Use of Weapons – Iain M Banks (1990)
Banks’ third Culture novel is original, poetic, at times amusing, at times tragic, and just beautifully written.
Cheranedine Zakalwe is, or was, a Culture agent, The Culture being a multi-stellar civilisation in effect ruled by Artificial Intelligences. It is a civilisation which is basically socialist, since there is no currency, poverty, class systems or war.
Outside of its borders the Culture works in oblique and subtle ways to reduce wars between planets. Zakalwe has been involved in several operations of this sort and has subsequently gone rogue and vanished.
Diezit Sma, the woman who originally recruited Zakalwe, needs to bring him in for a further mission; to abduct a politician who is being held by a faction on a primitive world, one who could possibly help to bring peace to several worlds heading toward war.
That is the basic plot, but Banks has embellished those bare bones beautifully with exquisitely carved facets of narrative.
Much of the novel is dedicated to Zakalwe’s examination of his own memories so that structurally we are leaping backwards and forwards between Zakalwe’s past life and adventures and his present day mission. Slowly the strands begin to connect with each other.
The title of this novel is perfect since we are presented, time and time again, with weapons of various sorts; the things with which Zakalwe feels most comfortable and which he, when the moment arrives, is reluctant to deploy.
As a child, living with his stepbrother and stepsisters, he and they stole a weapon to play with in the garden, and by sheer chance were able to foil an assassin’s strike on their family.
It can also be seen as a metaphor at various points, most obviously in the case of Zakalwe himself, who is nothing more than a weapon employed by The Culture, although admittedly for peaceful ends.
The other recurring motif is that of chairs which begins in the first section where an aristocrat Zakalwe is protecting sits down on a fragile chair which collapses under his weight.
Zakalwe returns to his family home one day to find his stepbrother Elethiomel, sitting naked in a chair with Zakalwe’s sister Darckense straddling him. Zakalwe is conscious of some repressed memory related to a chair but it is not until the denouement that the truth of this memory is revealed.
The characters are also beautifully out together. Some sections are almost self-contained vignettes of a point in Zakalwe’s past, such as the period when he travelled on an interstellar ship ferrying frozen colonists to a planet a hundred or more light years away during which he chose to be awakened for a period to experience the flight.

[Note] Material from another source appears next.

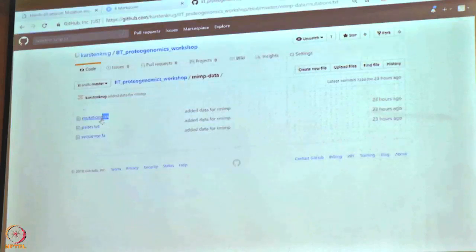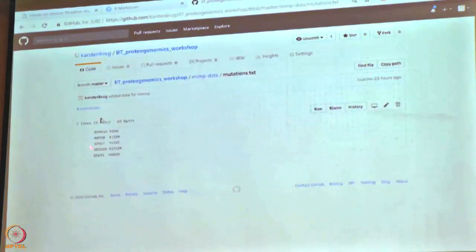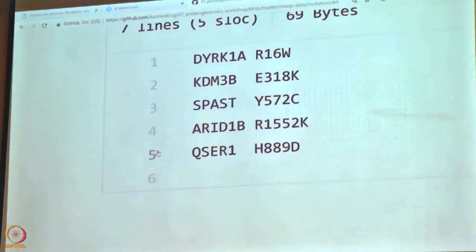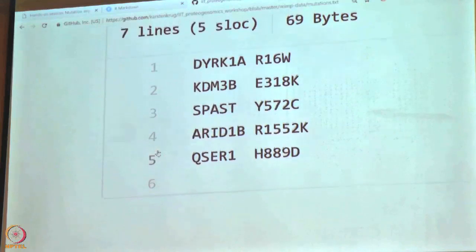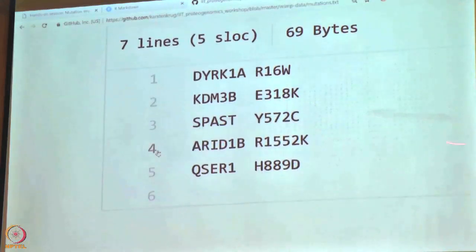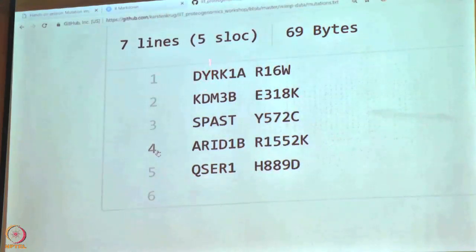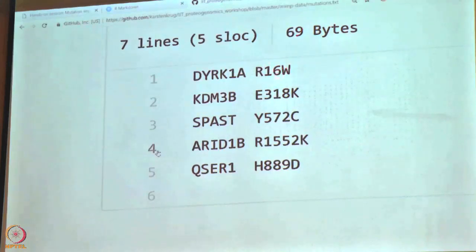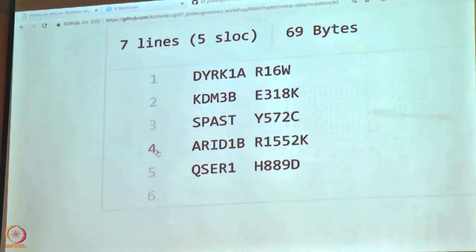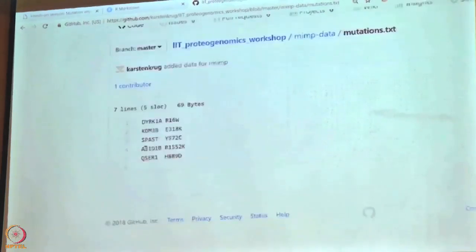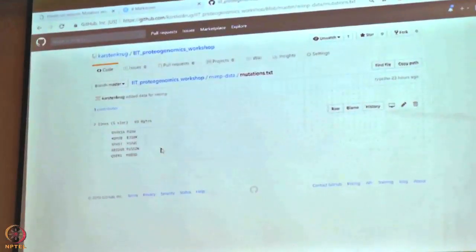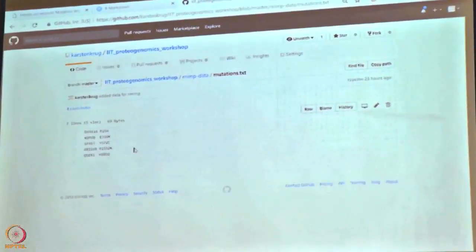This is very specific to the MIMP software we are using here. The mutation file is divided into two columns: the first column is the gene name, and the second column is the substitution that the mutation causes. Simple as that. This link will also be available after the workshop, so you can always come back to it.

He spends several months in the company of two men, one of those peculiar heterosexual partnerships where the two men involved seem to love each other very much but are constantly competing to be the alpha male. It’s a beautifully observed portrait of male behaviour, and a clever counterpoint to Zakalwe’s nihilistic and suicidal mood at the time.
There are amazing settings, dark humour, wise-cracking personal bots, giant thinking ships with ridiculous names sailing through the blackness of space, and a jawnumbing twist at the end.
Banks was a very original voice in the world of SF.
If you haven’t read him then you should.